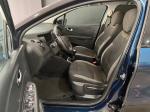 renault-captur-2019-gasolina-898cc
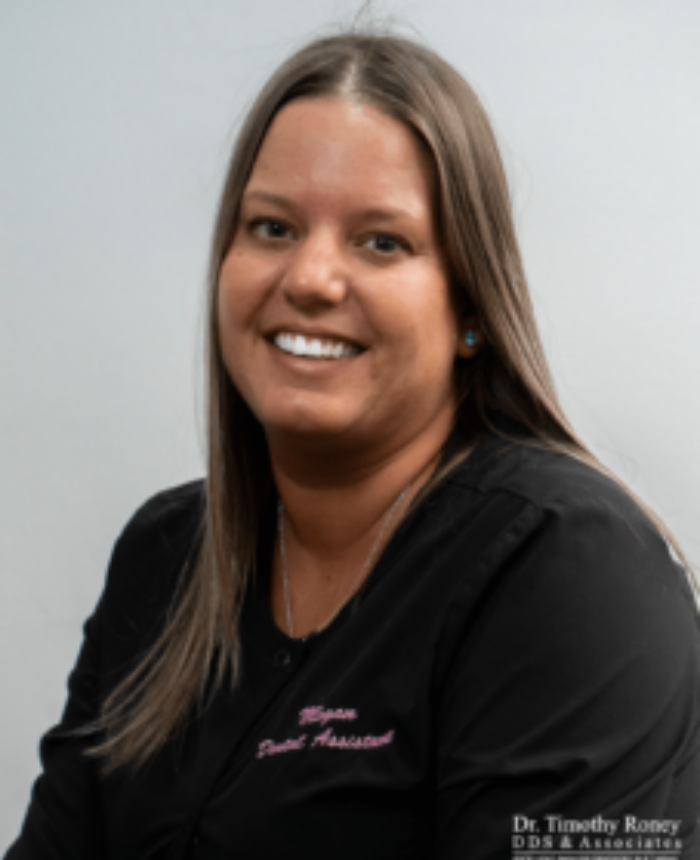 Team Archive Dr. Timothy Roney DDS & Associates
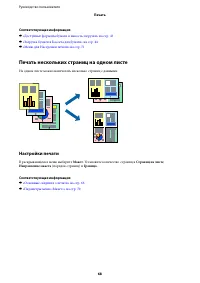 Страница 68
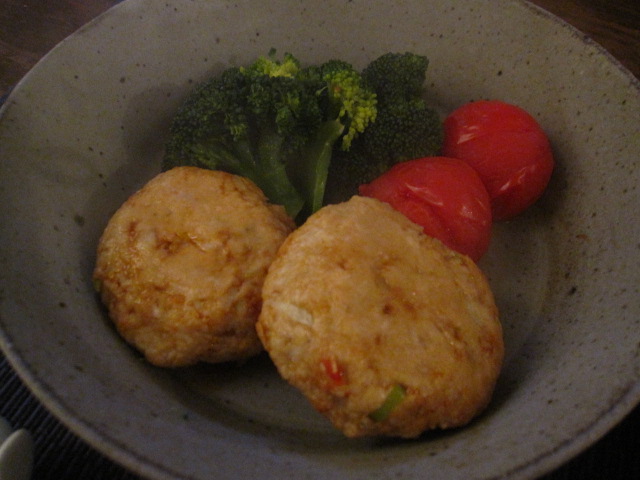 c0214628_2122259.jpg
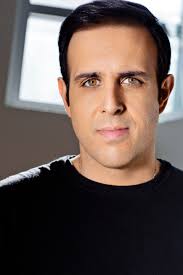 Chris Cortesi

Exercise brief: Give back the listing word for word, minus its images.

Exercise output:
 renault-captur-2019-gasolina-898cc
 Team Archive Dr. Timothy Roney DDS & Associates
 Страница 68
 c0214628_2122259.jpg
 Chris Cortesi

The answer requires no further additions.